Sebetulnya, bila ada pertanyaan seperti itu, sudah tidak terkira lagi peranan Satuan Polisi Pamong Praja (Satpol PP) yang rutin men-sweeping para pengemis, gelandangan, anak punk, pengamen dan manusia silver serta badut untuk didata dan diberi pemahaman.Â
Bila perlu juga akan diberi pembinaan dan pelatihan berupa keterampilan untuk bekal penghidupan dari dinas sosial sebaga intansi terkait.
Namun sekali lagi, semua itu seolah-olah menjadi percuma karena kebanyakan dari mereka akan kembali ke jalanan lagi. Sungguh seperti lingkaran setan yang sulit dicari ujung pangkal dalam mengatasinya.
Faktor apa saja yang diduga sebagai penyebabnya?
Faktor Mental (Internal).
Bila sudah menyangkut mental, ini rasanya sepertinya sulit untuk diubah. Perasaan malu, tanpa keterampilan dan harga diri sepertinya sudah terkikis dalam sanubarinya.

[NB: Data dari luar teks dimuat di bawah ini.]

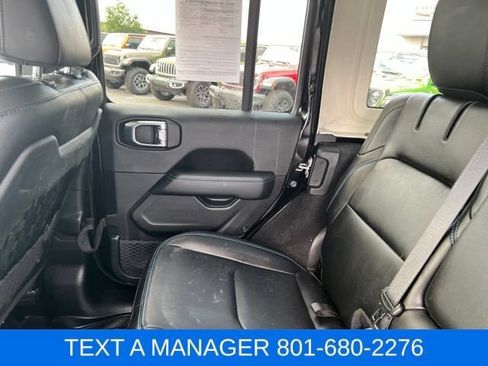 Used 2021 Jeep Wrangler Unlimited Rubicon 4xe w/ Cold Weather Group AWD/4WD image 35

Merasa percuma karena sudah merasa kerja keras namun penghasilan tetaplah minim, lebih baik santai dengan pemasukan yang besar dengan catatan berani malu meskipun dianggap sebagai sutu pekerjaan yang hina.

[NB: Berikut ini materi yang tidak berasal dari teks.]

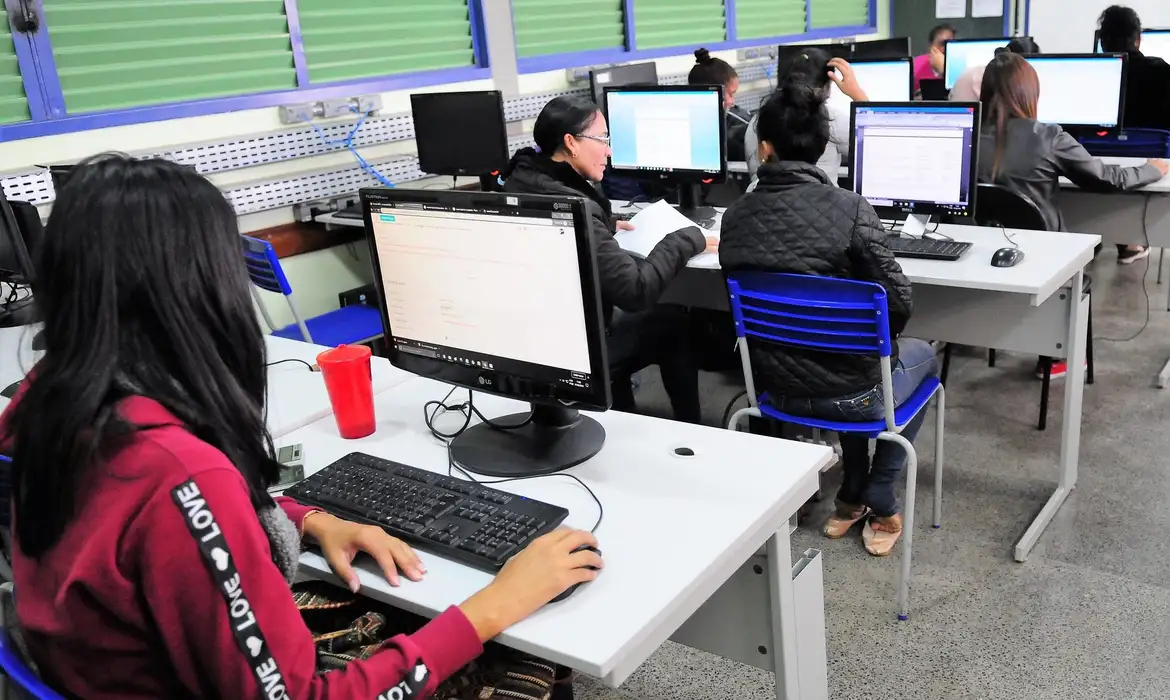 Brasil supera 100 mil escolas públicas com internet gratuita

Anda mungkin tidak menyangka bahwa banyak yang mau menjadi manusia silver, badut jalanan, gepeng (gelandangan dan pengemis) atau pengamen itu karena mereka bisa meraup penghasilan rata-rata per harinya berkisar Rp300.000 bila sepi dan mencapai Rp500.000 bila weekend atau hari libur. Mengejutkan, bukan?!
Coba Anda kalikan sendiri berapa penghasilan mereka bila setiap hari mereka berada di jalanan dalam satu bulan! Bisa kalah tuh para pegawai negeri atau karyawan swasta yang sering dianggap sebagai satu perkerjaan yang bergengsi atau terhomat.
Gara-gara informasi yang seperti itu, tidak heran hampir semua perempatan di jalan raya saat ini banyak sekali bermunculan manusia silver, gepeng, badut, dan pengamen.
Faktor internal ini bisa meliputi self esteem, pride, collaboration, hardwork, motivation, endurance, dan masih banyak lainnya.